In addition to analysis of total energy intake, an ANCOVA was conducted with food reinforcement and the 2 dopamine genotypes as between-subject variables and with energy intake associated with carbohydrate, fat, and protein as the within-subject variable. Interactions for both ANCOVAs were probed by using 3 post hoc linear contrasts. Contrasts for the SLC6A3 genotypes included those comparing the energy intakes or macronutrient intakes between participants high in food reinforcement and participants low in food reinforcement, both groups of whom lacked the SLC6A3^*9 allele; in participants high in food reinforcement and participants low in food reinforcement, both groups of whom had the SLC6A3^*9 allele; and in participants high in food reinforcement who lacked the SLC6A3^*9 allele and participants high or low in food reinforcement who had the SLC6A3^*9 allele. Similarly, contrasts for the DRD₂ genotypes included contrasts comparing the energy intakes or macronutrient intakes in participants high in food reinforcement and participants low in food reinforcement who had the DRD₂^*A1 allele; in participants high in food reinforcement and participants low in food reinforcement who lacked the DRD2^*A1 allele; and in participants high in food reinforcement who had the DRD₂^*A1 allele and participants high or low in food reinforcement who lacked the DRD₂^*A1 allele. Bonferroni corrections were used to correct P values for multiple comparisons (0.05/3 = 0.017). Statistical analyses were performed with SYSTAT software (40). All tests of significance were two-tailed.

RESULTS  
The sample included 88 smokers of European ancestry, 56% of whom were female and 38.6% of whom were college graduates. Subjects categorized as being low or high in food reinforcement and according to the 2 dopamine genotypes are shown in Table 1. The mean (±SD) age of subjects was 43.5 ± 10.7 y, the smoking rate was 22.3 ± 7.7 cigarettes/d, the BMI was 27.1 ± 4.8, the hunger rating on the day of the food-consumption task was 3.2 ± 2.1, and the dietary restraint score was 4.9 ± 3.2. Three subjects (3.4%) had the DRD₂^*A1/A1 genotype, 38 (43.2%) had the DRD₂^*A1/A2 genotype, and 47 (53.4%) had the A2/A2 genotype. Because there were so few subjects with the rare DRD2^*A1/A1 genotype, subjects with the DRD₂^*A1 allele were combined for all analyses, as in previous research (30). Forty-one subjects (46.6%) had the SLC6A3^*10/10 genotype, whereas 16 (18.2%) had the SLC6A3^*9/9 genotype, and 31 (35.2%) had the SLC6A3^*9/10 genotype. The number of subjects with the SLC6A3^*9/9 genotype was too small for separate analysis when subjects in this group were considered in relation to food reinforcement and the DRD₂ genotype. Subjects with the SLC6A3 genotypes were divided into those with (9/9 + 9/10) or without (10/10) the SLC6A3*9 allele, as in previous research (30).

View this table:
TABLE 1. Characteristics of subjects by food reinforcement, dopamine transporter (SCL6A3) genotype, and dopamine D₂ receptor (DRD₂) genotype

 
Comparison of subjects by categories of food reinforcement and by SLC6A3 and DRD₂ genotypes found that those with the SLC6A3 genotype differed by sex (P = 0.037): those with the 9 allele were more likely to be female (31) than male (16), and those who lacked the 9 allele were more likely to be male (23) than female (18). Sex was related to energy intake—males consumed more calories (389.7 ± 219.5 kcal) than did females (242.5 ± 128.0 kcal, P < 0.001)—and cigarette smoking was related to energy intake (r = 0.26, P = 0.016) at baseline. Both sex and cigarettes/d were used as covariates in the ANCOVA. In addition, although hunger at the beginning of the food-consumption task and BMI did not differ significantly between groups, they are conceptually related to food intake and were added as covariates to control for their influence on food intake.

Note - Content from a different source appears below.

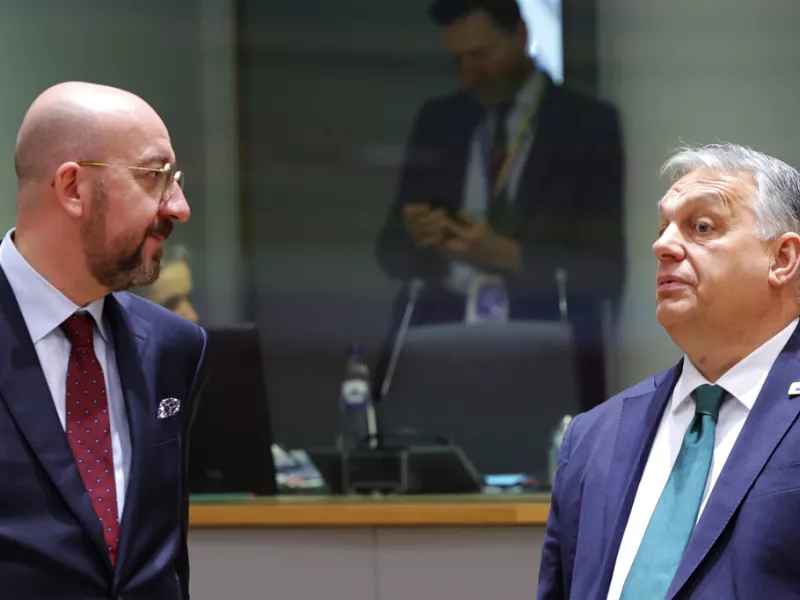 Charles Michel -  Viktor Orban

ANCOVA showed a significant interaction of food reinforcement with the SLC6A3 genotype (P = 0.015) and with the DRD₂ genotype (P = 0.021). The main effects of food reinforcement and the interactions of food reinforcement with the genotypes on total energy intake across macronutrients are shown in Figure 1. As shown in Figure 1B, the interaction of food reinforcement with the SLC6A3 genotype was due to greater energy intake in participants high in food reinforcement than in participants low in food reinforcement who lacked the SLC6A3*9 allele (P = 0.001); no difference in energy intake between participants low in food reinforcement and participants high in food reinforcement who had the SLC6A3^*9 allele (P > 0.05); and greater intake in participants high in food reinforcement who lacked the SLC6A3^*9 allele than in participants high or low in food reinforcement who had the SLC6A3^*9 allele (P < 0.003). Interactions of the DRD₂ genotype with food reinforcement are shown in Figure 1A. Greater energy intake was observed in participants high in food reinforcement than for participants low in food reinforcement who had the DRD₂^*A1 allele (P < 0.001); no difference in energy intake between participants low in food reinforcement and participants high in food reinforcement who lacked the DRD₂^*A1 allele (P > 0.05); and greater intake in participants high in food reinforcement who had the DRD₂^*A1 allele than in participants high or low in food reinforcement who lacked the DRD₂^*A1 allele (P = 0.002). In addition to the interactions of food reinforcement with genotype, there was a significant main effect of food reinforcement on energy intake (P = 0.005). Subjects high in food reinforcement consumed 379.9 ± 241.7 kcal, and those low in food reinforcement consumed 275.9 ± 144.4 kcal. There were no statistically reliable main effects of SLC6A3 or DRD₂ genotypes on energy intake. Neither the two-factor interaction of SLC6A3 x DRD₂ genotypes or the 3-factor interaction of SLC6A3 x DRD₂ genotypes x food reinforcement was significant.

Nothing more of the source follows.